しかし、新日鉄住金はフォンセカ氏の議長就任に対して拒否権を発動し、ペニード議長の続投を望んだ。大変残念な結果だ。そもそもウジミナスの歴史において、株主間協定の中から議長が選出されなかったのは初めてで、前代未聞のこと。非常に不満を持っている。
一部報道によると、新日鉄住金は取引先の物流会社の支援を得て議長の選出を進めたそうだ。今回、新議長に選ばれたガスパリーノ氏は、ブラジルメディアが報道しているように、電力会社から1500万ドル以上もの不適切な支払いに関与した疑惑が持たれている。
新日鉄住金がこうした問題を抱えている人物を推薦してきたのは失望材料だった。ガスパリーノ氏が新議長として中立な立場を維持するのは難しいと考えている。
状況は20世紀とは大きく異なっている
――昨年10月にウジミナスの普通株を買い増しているが、狙いは何か。また、臨時株主総会で、その株を外部に貸し出し、迂回投票をしようとしているという報道もあった。
ブラジル銀行年金基金が保有していたウジミナスの普通株式(発行済み株式の8%)を取得した。これはウジミナスとブラジル全体に対するテルニウム・グループの責任感の表明であり、今後の可能性に対するコミットメントを強化するものだ。株主総会で他者に株式を貸し出そうとした事実はない。

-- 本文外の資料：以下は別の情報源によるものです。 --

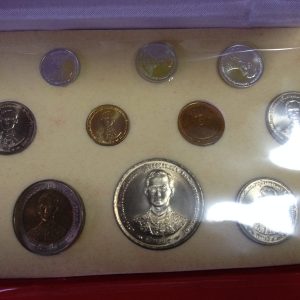 เหรียญฉลองสิริราชสมบัติ 50 ปี กาญจนาภิเษก ๙ มิ.ย. ๒๕๓๙ ครบชุด 10 เหรียญ - Image 2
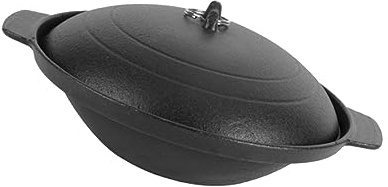 Iron Casserole with Stainless Steel Handle, Fast Heating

――今後の可能性とは、具体的にどのようなことを考えているのか。
現在の鉄鋼業界は複雑な問題に直面している。生産設備の余剰、中国の消費の減速、原油価格の下落だ。生き残るためには、企業としての競争力と生産性を向上させていくしかない。こうした状況は、旧新日鉄とウジミナスが関係を築いてきた20世紀とは大きく異なっている。